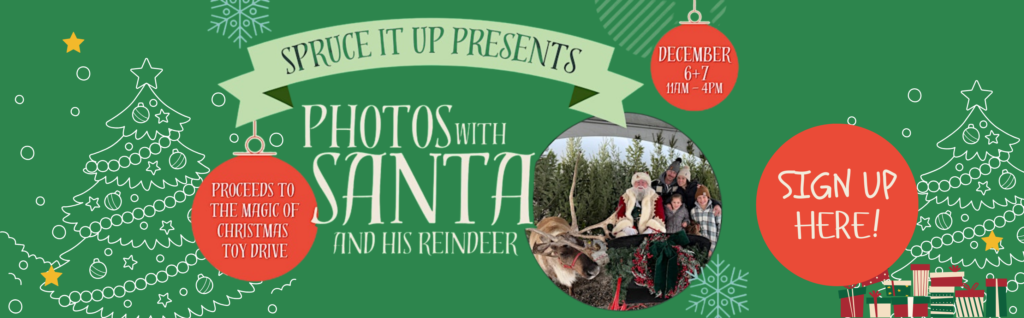 Green event flyer with Christmas trees, ornaments, and a photo of Santa with children and a reindeer at the Garden Centre. Text reads: 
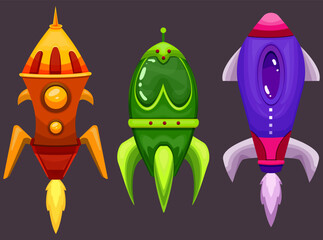 A set of bright neon game rockets. Icons of alien spaceships. Flat graphics. Casual style. Cartoon flying mechanisms, robots, machinery. Cute controlled automatics, props, interface elements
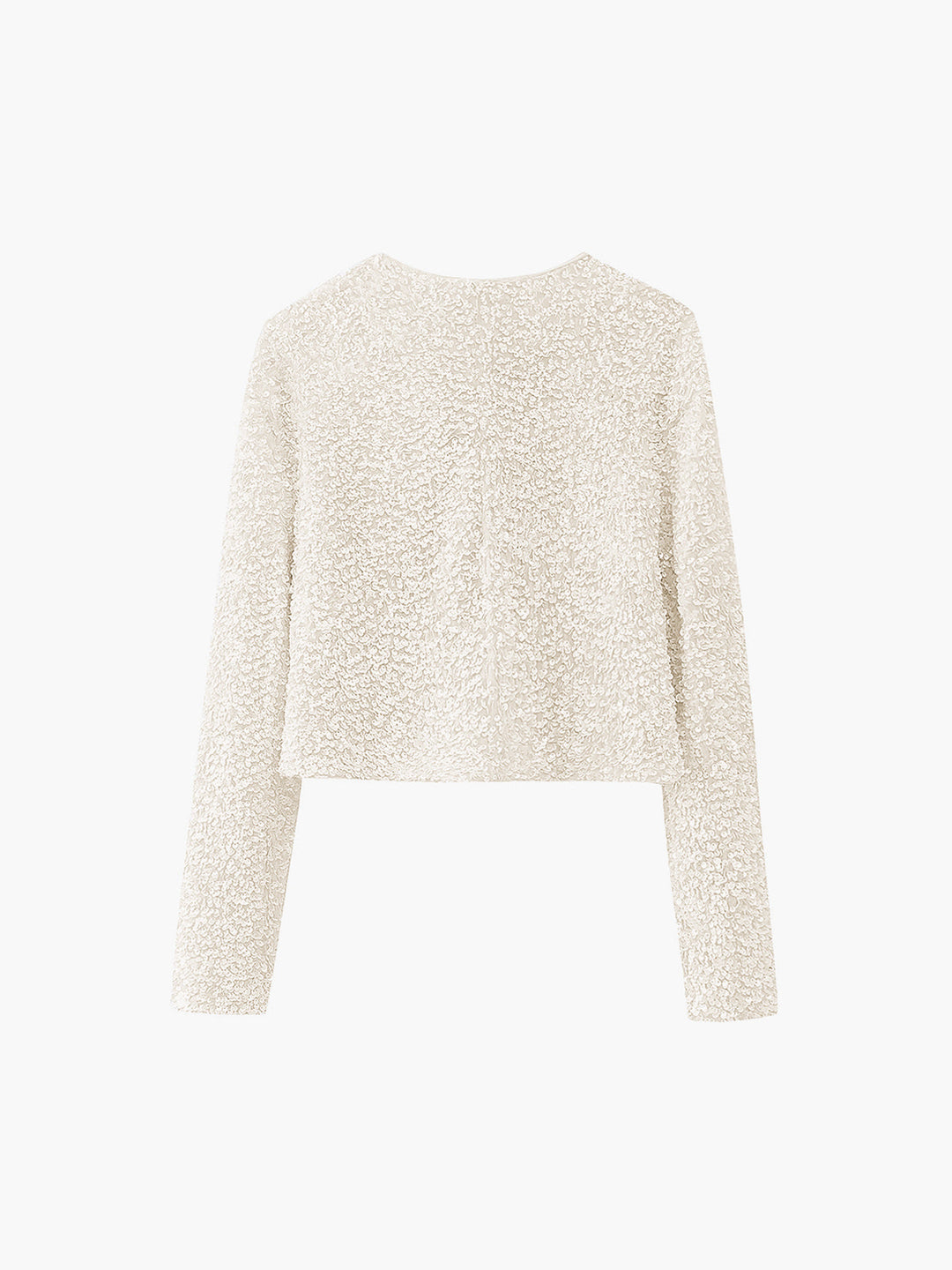 Back view of the cream sequined cropped jacket with round neckline, flat shot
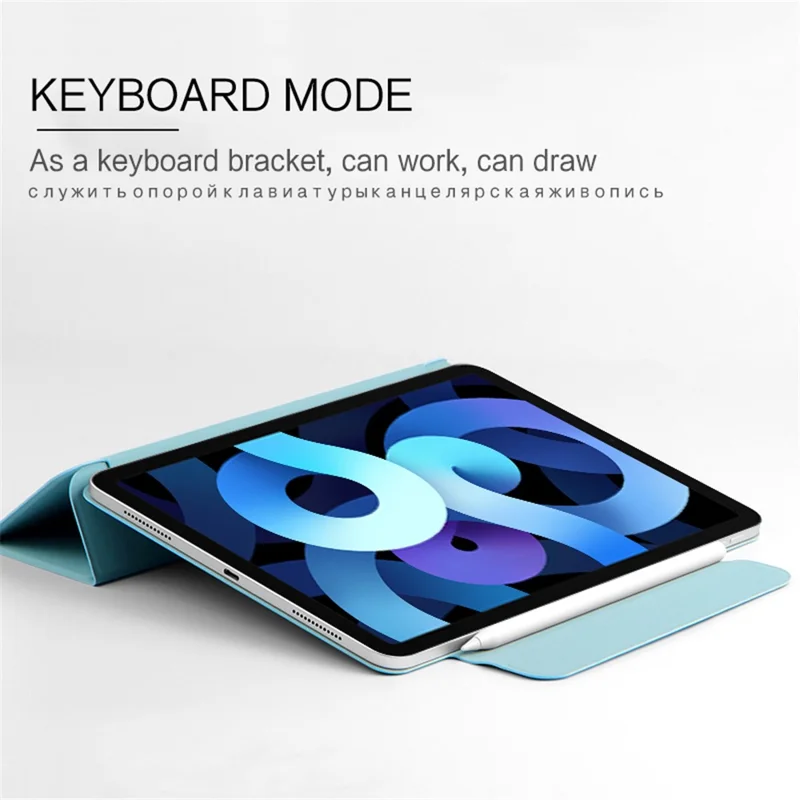 Thickened Strong Magnet Frameless Leather Tablet Cover for iPad Air (2020)/Air (2022) - Blue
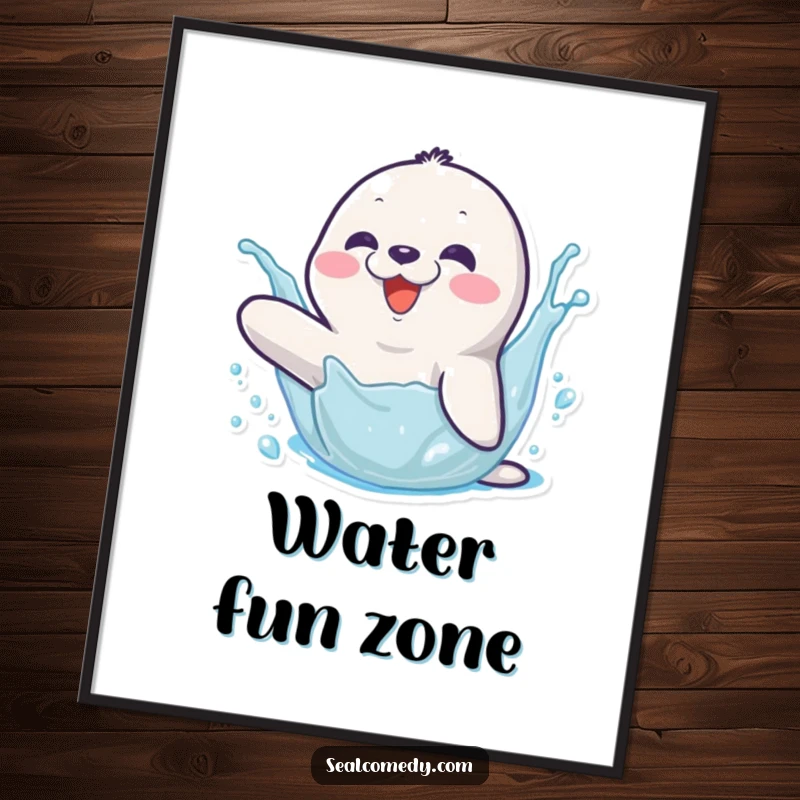Funny poster of a happy seal character joyfully splashing water with its flipper, capturing pure aquatic fun.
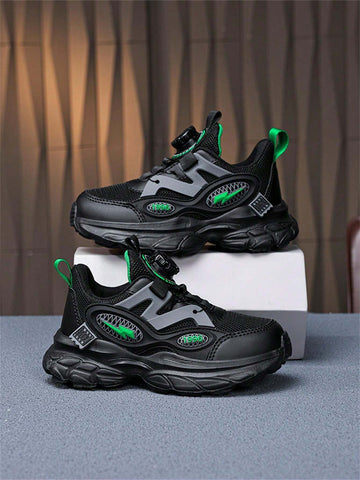Kid Boy Black Breathable Odor-Resistant Elastic Strap Sports Shoes, Casual Sneakers For Children Larger Size, Autumn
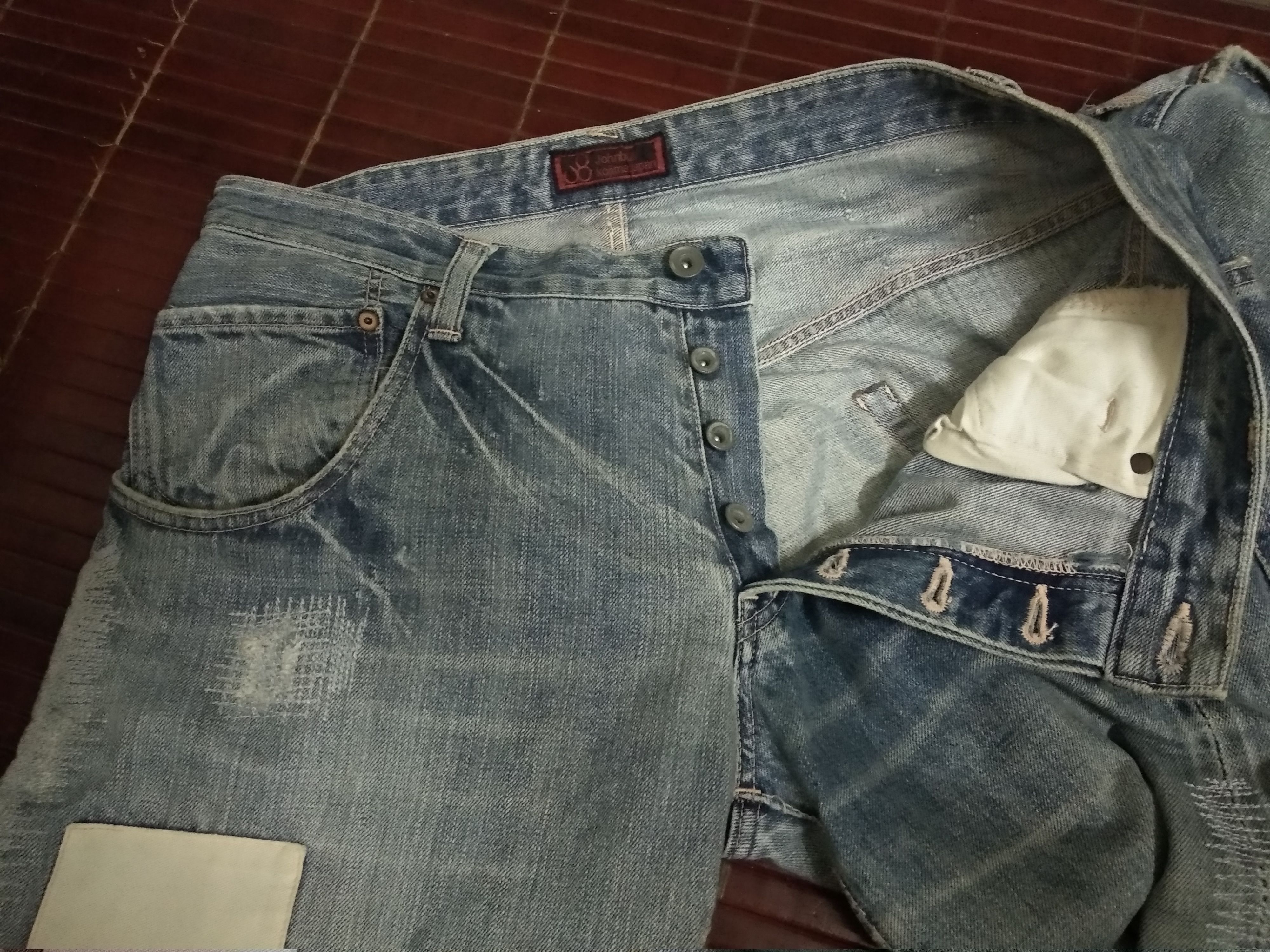 Japanese Brand Johnbull asymmetry single selvedge patchwork jeans Size US 36 / EU 52 - 7 Thumbnail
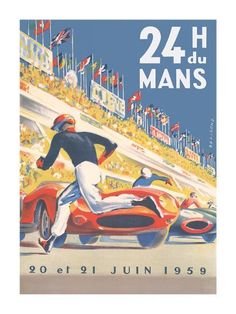 a vintage poster advertising a race in the 24h hour man's motorcyclist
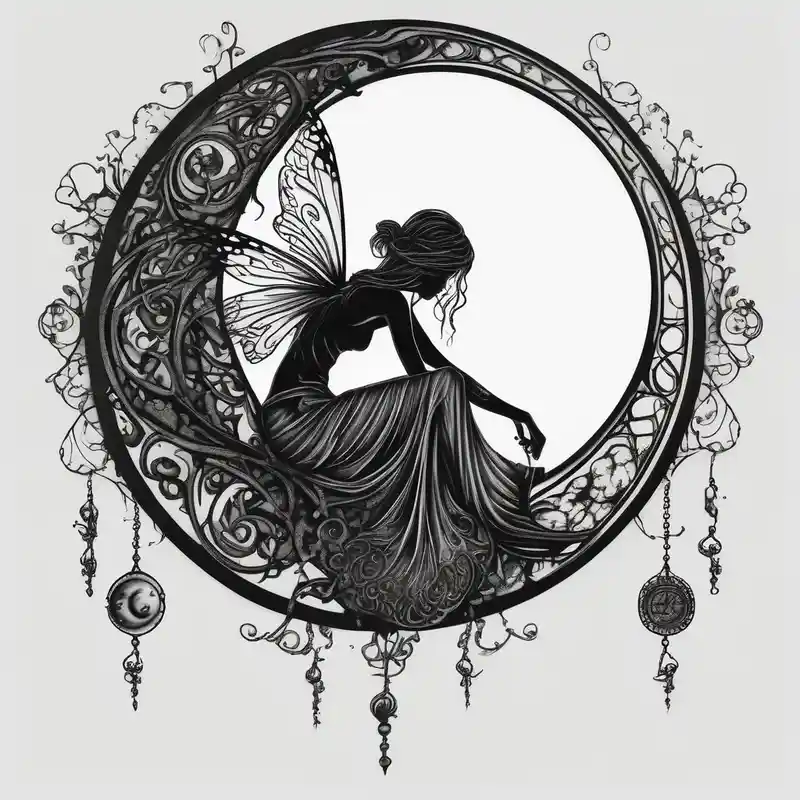 Silhouette of a Fairy sitting on moon with dangles. – Realista, Colores vivos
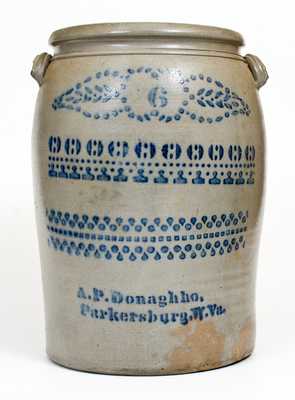 6 Gal. A. P. Donaghho / Parkersburg, W. Va. Stoneware Jar w/ Profuse Stenciled Decoration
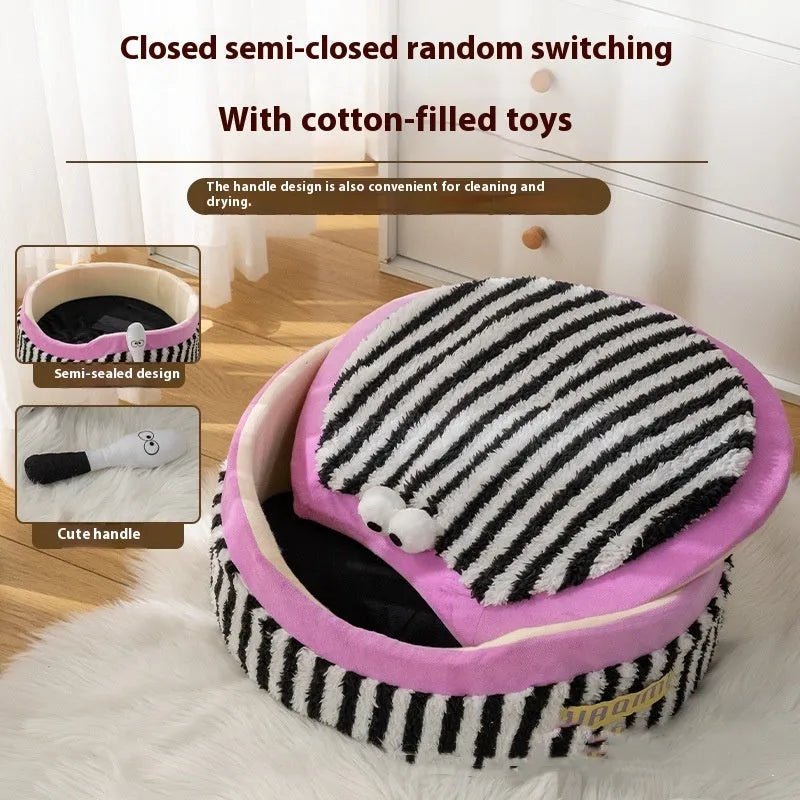 Striped pet kennel three-piece set showing sofa nest, big mouth nest and teacup nest with super soft fabric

..............................

Task details
Print the full listing exactly, dropping the pictures.

Answer to the exercise
 Green event flyer with Christmas trees, ornaments, and a photo of Santa with children and a reindeer at the Garden Centre. Text reads: 
 A set of bright neon game rockets. Icons of alien spaceships. Flat graphics. Casual style. Cartoon flying mechanisms, robots, machinery. Cute controlled automatics, props, interface elements
 Back view of the cream sequined cropped jacket with round neckline, flat shot
 Thickened Strong Magnet Frameless Leather Tablet Cover for iPad Air (2020)/Air (2022) - Blue
Funny poster of a happy seal character joyfully splashing water with its flipper, capturing pure aquatic fun.
Kid Boy Black Breathable Odor-Resistant Elastic Strap Sports Shoes, Casual Sneakers For Children Larger Size, Autumn
 Japanese Brand Johnbull asymmetry single selvedge patchwork jeans Size US 36 / EU 52 - 7 Thumbnail
 a vintage poster advertising a race in the 24h hour man's motorcyclist
 Silhouette of a Fairy sitting on moon with dangles. – Realista, Colores vivos
 6 Gal. A. P. Donaghho / Parkersburg, W. Va. Stoneware Jar w/ Profuse Stenciled Decoration
 Striped pet kennel three-piece set showing sofa nest, big mouth nest and teacup nest with super soft fabric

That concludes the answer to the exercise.